Book review: Surrealism, Feminism, Psychoanalysis by Natalya Lusty

Leonora Carrington, “Green Tea (La Dame Ovale),” 1942

Natalya Lusty takes on three major and somewhat disparate topics in her book Surrealism, Feminism, Psychoanalysis. However, she brilliantly ties them together through their very disparateness: as a marginal movement (or at least that is how it was regarded/it regarded itself during the throes of Modernism), Surrealism positioned itself to examine other areas of marginality, i.e. the people outside of the bourgeoisie. Politically, feminism was originally a marginal movement and prided itself on being on the outside, as being in such a position allowed a more thorough critique of the (masculine) “norm.” Psychoanalysis, while at the heart of Surrealism, did not necessarily “jibe” with Surrealism (Freud once expressed to Andre Breton that he did not get what the genre wanted), and Surrealism’s tie to psychoanalysis was often tenuous. According to Lusty, “… Surrealism found in psychoanalysis a model on which to develop a theory of creative bound up in the mystery of unconscious desires and associations, a move which sealed the trope of the enigmatic woman as its most potent erotic symbol” (13). Unsurprisingly, feminism outright rejected psychoanalysis. So how does she tie everything together? She looks through the lenses of social and artistic inquiry to find common themes such as violence, parody, and transgression. It is through the tension between these areas that we see their relationships and how they analyze one another.

The book does not limit itself just to the years in which Surrealism was predominant, but rather spans the line dividing Modern and Contemporary art, which inevitably highlights the on-going feminist debates. Lusty spans her arguments from Leonora Carrington (1917-2011) to Cindy Sherman (1954- ), and though feminism did not officially exist when Carrington was creating much of her work, Lusty declares Carrington’s book The Hearing Trumpet as a precursor to feminist revisionist literature. Sherman’s work, which is believed to contain Surrealist overtones and references, has been both admired and chastised by feminist scholars for its treatment (objectification?) of the female body. I did not spend too much time reading about Sherman, as she is outside my area of study. I also did not spend too much time on her discussion of Claude Cahun’s photographic work. I instead focused on Lusty’s chapters comparing The Hearing Trumpet to our favorite work by Georges Bataille, Story of the Eye; I also looked at her analysis of psychoanalyst Joan Riviere’s essay, “Womanliness as a Masquerade,” to Carrington’s story, “The Debutante.” 

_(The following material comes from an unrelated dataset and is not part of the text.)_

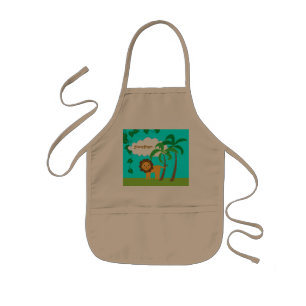 Delantal Infantil León en selva con las palmeras personalizadas
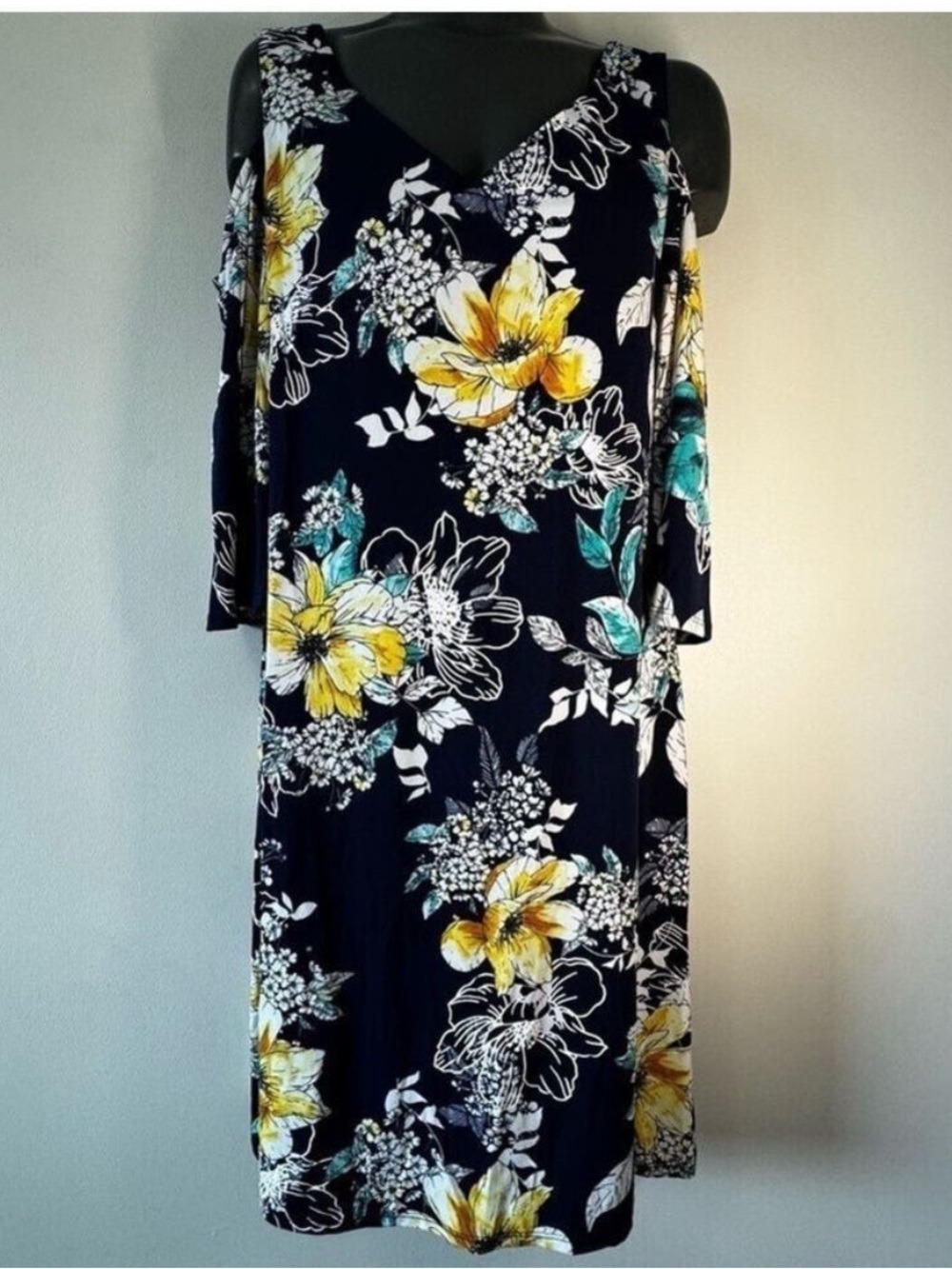 Laura Floral Cold Shoulder Mini Dress - Black, Yellow, and Teal size 8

Lusty poses the following major question: if Surrealism was not good with women, is it possible that it has been good for women, particularly in recent years? As has been previously discussed, Surrealist women have been able to use the aesthetic and ideas to come to terms with their own issues and ideas. However, Surrealism has/had a very uneven relationship with women, as has been discussed by many scholars over the last 25+ years, as well as on this blog. Breton and many others involved in the movement regarded women to be useful as muses and not as capable of being active participants. As Angela Carter once said, voicing the concerns of many women artists of her time, “The Surrealists were not good with women. That is why, although I thought they were wonderful, I had to give them up in the end.” Leonora Carrington was embraced as a femme-enfant by the Surrealists because of her rebelliousness against her upper-class upbringing. However, Carrington did not just rebel against her family, she rebelled against the Surrealists in a very masked way. In her short story “The Debutante,” which was originally written in overly-simplified French and featured a talking hyena (which is considered symbolic of sexual transgression and hybridity because its sex is difficult to visually determine), Carrington examines herself– as she was once a debutante– in a darkly humorous way that challenged the normative bourgeois culture. This was readily embraced by the Surrealists. As Lusty succinctly stated, “… the Surrealists’ glorification of these crimes also illustrates the problematic nature of the figure of the ‘ruined’ woman as a metaphor for, and embodiment of, Surrealist revolutionary ideology… Carrington’s narrative presents a scene of adolescent violence and rebellion that evokes a Surrealist celebration and eroticization of female violence” (20).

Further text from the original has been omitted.